The State of Iowa makes early voting easy:

  • Start by filling out an absentee ballot request form, which you can download at the Iowa Secretary of State's website, before October 31st, and mail it to your county auditor's office. They'll send you back an absentee ballot, which you can fill out from home, and mail back to their office free-of-charge, as postage is prepaid.
  • You can also cast an early vote in person at your county auditor's election office, beginning Thursday and through Election Day.  These offices should be open Monday-Friday from 8:00 a.m. to 5:00 p.m. Additionally, state law requires these offices to be open on the last two Saturdays before Election Day, so if you can't get out of work, you can go on one of those weekends.
  • Beginning October 7th, it gets even easier; visit a satellite location in your neighborhood and cast an absentee ballot from there. You can find out the closest satellite location to you by visiting your county auditor's website.

"My vote counts, and I want to make sure to get it done early," said Jane Hammarlund of Johnston. "So I don't have to be dependent on weather, or lines, and things like that."

Comparing the number of absentee ballot requests for the 2010 midterm elections and 2014's, officials say early voting has increased by 97%. And while midterm election years normally see a lower voter turnout than presidential election years,  Fitzgerald says an increase in early voting  over the years has boosted voter turnout.

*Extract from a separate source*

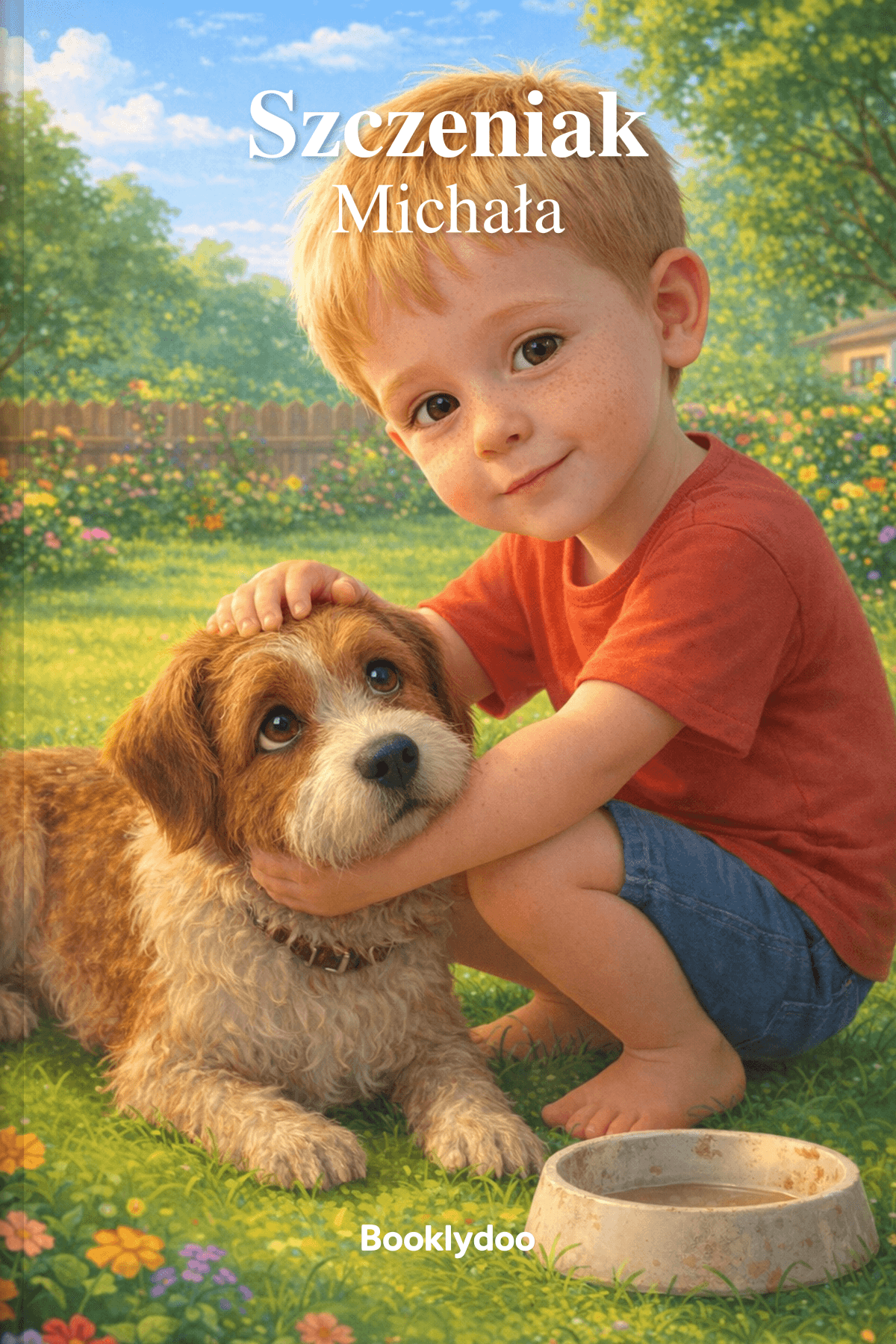 Książka dla dzieci - Rzeczy do Zrobienia - Opieka nad Zwierzętami - Szczeniak Michała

"Compared to 2012, which was a huge election, we had 93,000 absentee ballots cast, and over 230,000 ballots cast in Polk County alone," he said. "We're already close to that number already, in terms of absentee ballot requests, when you look at the time-frames from two years ago."

For Anderson, he says he'd like to see Iowans beat a nearby state in voter turnout for the first time.

"My goal is to beat Minnesota," he said. "You know, Minnesota beats us every year in voter turnout. And my goal is to, again, find ways in the state to make it easier to vote, help beat Minnesota, and just really, really, help encourage a healthy voter turnout here in Iowa."

Officials say early voting does come with this warning: once you've cast your absentee ballot, your county auditor can't return it to you. If you worry about changing your mind on a candidate between now and November, perhaps early voting isn't the right way to go.